Part 3: Managing leaky home liabilities

Final audits of Auckland's dissolved councils, and managing leaky home liabilities.

How local authorities have dealt with leaky home liabilities

3.1
Provisions amounting to $477 million were included in the 2009/10 financial statements of the six New Zealand local authorities most affected by leaky home claims. Four of those six local authorities, representing $454 million of the total $477 million of provisions, were former Auckland councils.26 Provisions for all the former Auckland councils amounted to $469 million at 31 October 2010 (see Appendix 5).
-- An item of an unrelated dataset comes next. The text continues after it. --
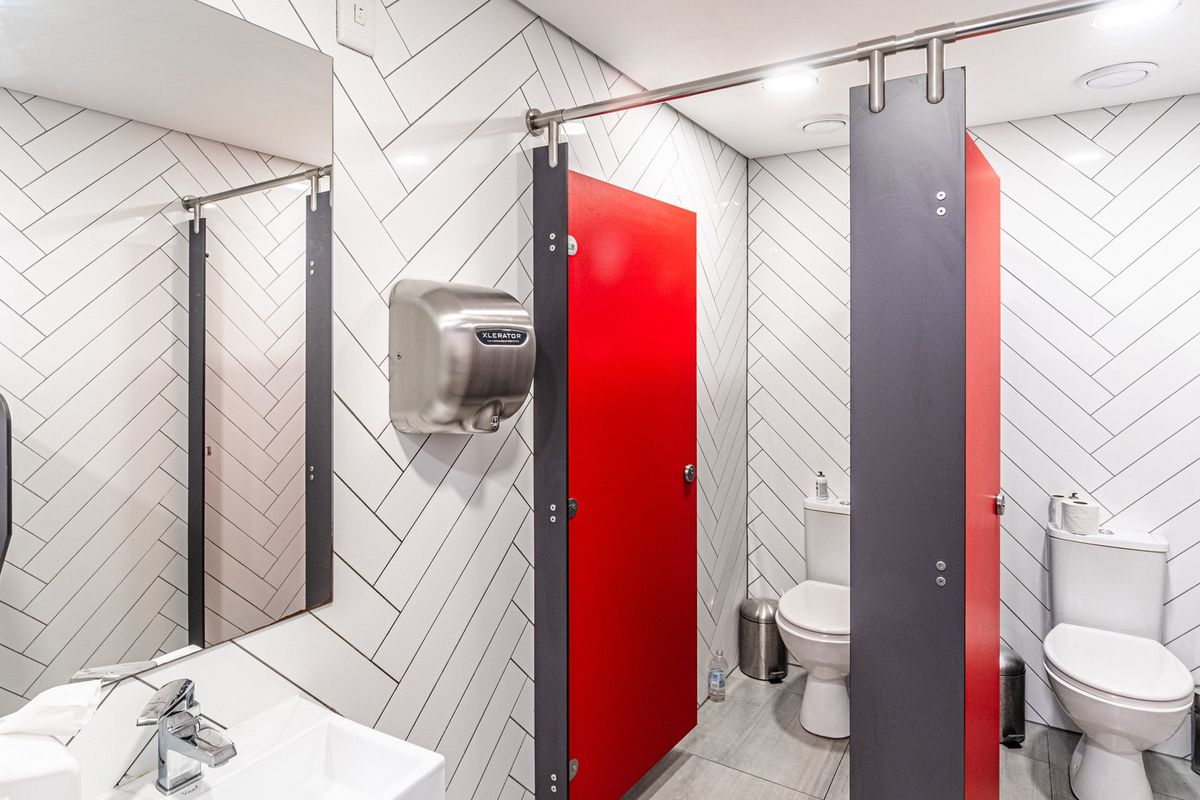 Modern office bathroom featuring herringbone wall tiling, partitioned toilet stalls, wall-mounted hand dryer, and clean, contemporary fixtures.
Therefore, leaky home liabilities are a major issue for Auckland Council.

3.2
The six local authorities' increased total provisions for leaky home liabilities by $275.9 million, or 236%, on the amount disclosed a year earlier.

3.3
Disclosures in the 2009/10 financial statements are much improved on previous years, largely because of the co-ordinated approach taken to calculating these liabilities in the former Auckland councils' final annual reports. The work carried out to calculate Auckland Council's liability has led to more refined and accurate estimates and much more detailed and transparent disclosures in the financial statements. We consider that the disclosures fully meet applicable accounting standards.

3.4
Overall, the amount the six local authorities disclosed as contingent liabilities in their 2009/10 financial statements was less than in the previous year's statements. Four of the local authorities did not record any contingent liabilities because they had obtained information with a sufficient level of reliability, allowing the full identified liability to be disclosed as provisions in the financial statements. This led to increased provisions in the financial statements.

3.5
In its 2010 Budget, the Government indicated that it intended to establish a scheme to faster resolve leaky home claims. The scheme had yet to be confirmed at the time of writing. The former Auckland councils took the new scheme into consideration in calculating provisions for leaky home liabilities. They indicated that if the scheme did not go ahead the costs to settle leaky home claims would increase by an estimated $78.9 million.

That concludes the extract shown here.